CRiSP/crtags Optimisation | Saturday, 08 November 2014 |
The initial implementation is getting on for nearly 20y old. The goal originally was to provide the "ctags" facility of vi, but better. Machines of the day were looking like 4-16MB of RAM rather than 4-16GB of RAM which is common today, so effort was made to optimise space usage. The crtags file format is a series of sections of files and items which are tagged. It has been optimised - right from the beginning, to avoid optimise space usage, and avoid bad paging behavior. (Now, a distant artifact ! Systems rarely page or are memory constrained). This attempt to optimise memory goes back to the 1MB machines that CRiSP was originally built on. These optimisations are no longer necessary - but removing them would only offer a small change in performance.
crtags is designed to work with reasonably sized projects and directories. It takes a few seconds to scan the nearly 8000 files in the CRiSP source tree, and I regularly use it on the Linux kernel. The 3.16.1 kernel has 47426 files in it. Scanning that takes a little while. I have benchmarked this over the years.
Recently I did some more work to look at the performance and optimisation facilities in crtags. I collected a series of Linux kernels - so I would have a good/large test case - about 500MB of source files, 67356 files in all. On my i7 laptop (crtags is single threaded), it was taking about 2m20s to scan the files. On investigating the performance, I could see that we had an O(n^2) algorithm on filename matching. This is silly, given the complexity of the language parsers - that the mere filenames were using a lot of the CPU.
I modified the code to put in a hash table for filename matching, and this gave a huge win - down to about 23s for scanning the same files - about a 7x improvement in speed.
In looking at crtags, most of the processing is a constant per file - and each file is handled, one after the other. This opens up a huge win by multithreading the code. Potentially an Nx speedup, on an N cpu system. The code is difficult to convert to multithreading - it would require a lot of edits and refactoring, to ensure each thread is avoiding global state - a common reason why converting a non-threaded application to multithreaded is so difficult.
Its depressing how little attention the C standards bodies and compiler writers have, for converting non-threaded code to threaded. Really, there are a set of transformations (refactoring) and one would think that tools could help identify the major areas at issue (use of global variables, and use of "static" variables). I may create a refactoring macro in CRiSP to handle this.
On Unix, using a fork/join model of operation, one can create the equivalent of a multithreaded code, by use of fork() and wait() system calls. For example, divide all the files to be processed up, into separate groups, processed by individual CPUs. Then the issue of global state and locking disappears - at the expensive of more work on the "join" or merge at the end of processing.
I have modified crtags to use this fork/join model (it is a command line option, and not enabled by default), and reran my test. The above test went from 23s to 4s by using "crtags -j 8" - using the 4 real and 4 hyperthread cpu's on my i7. About a 6x performance increase. (The final code will be slower due to the lack of a merge).

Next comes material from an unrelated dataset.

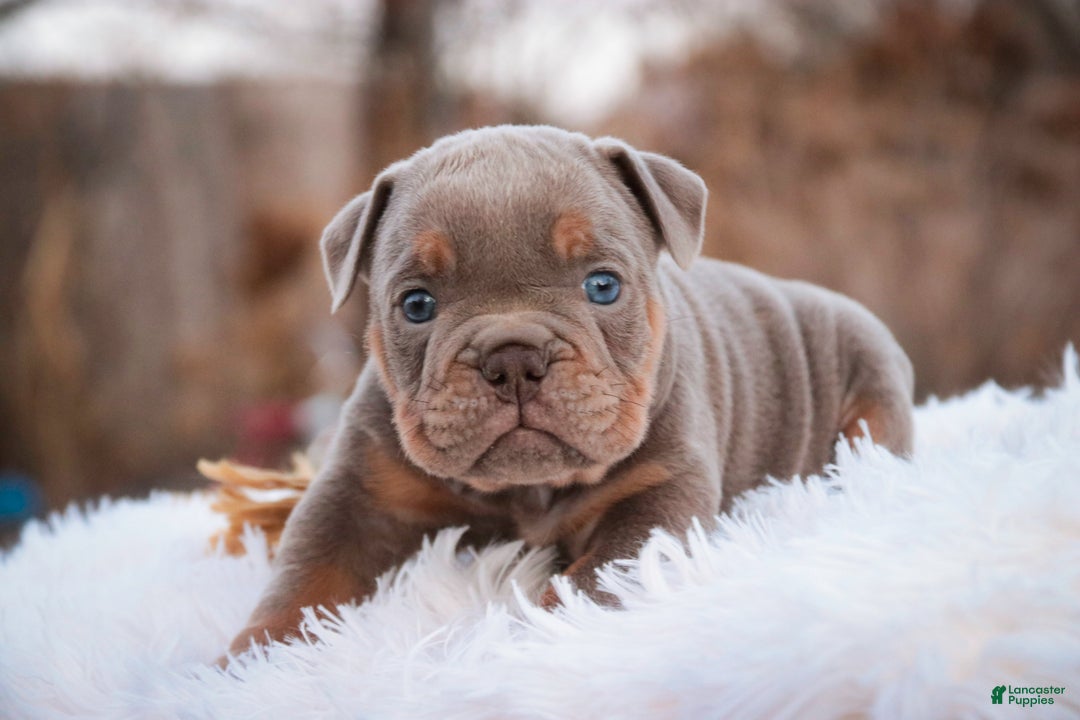 English Bulldog dogs for sale: Titan - Ad 6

So we went from 2m20s to 4s - a 35x speed up, with just a handful of lines of code.
The depressing thing about Windows (and this is late 2014) is that it still does not support fork(). It does support threads. So the above code will have no effect on Windows, and real threading will have to be implemented or an alternate way of achieving the same result.
I do fail to understand why Windows cant implement fork() - from the user space point of view, there is almost nothing to implement. From the kernel point of view, its not a huge amount of code. Granted, Windows processes may carry more state and forking may be more expensive if Windows could do it, but that would be such a big benefit when writing portable code or porting code to Windows. Oh well. (Cygwin supports fork(), and it is hugely expensive in operation, since it relies on software to copy huge blocks of memory around, rather than relying on the CPU's MMU to do copy-on-write (COW) operation - the key to why fork() is so efficient on Unixes).
Having said that, fork() on Linux is not brillliantly fast. Despite processors being so much faster than years of old - fork() seems to be getting slower, possibly related to the need for all CPUs to synchronise MMU and other state, rather than fork() itself getting more complicated.
To end users of CRiSP, they may see the initial performance optimisation, but unless they are working on extremely huge projects, they may hardly ever notice the change put in place. Also note, that in CRiSP, one rarely tags an entire project - CRiSP does incremental updates to the tag database, as you are editing/saving files.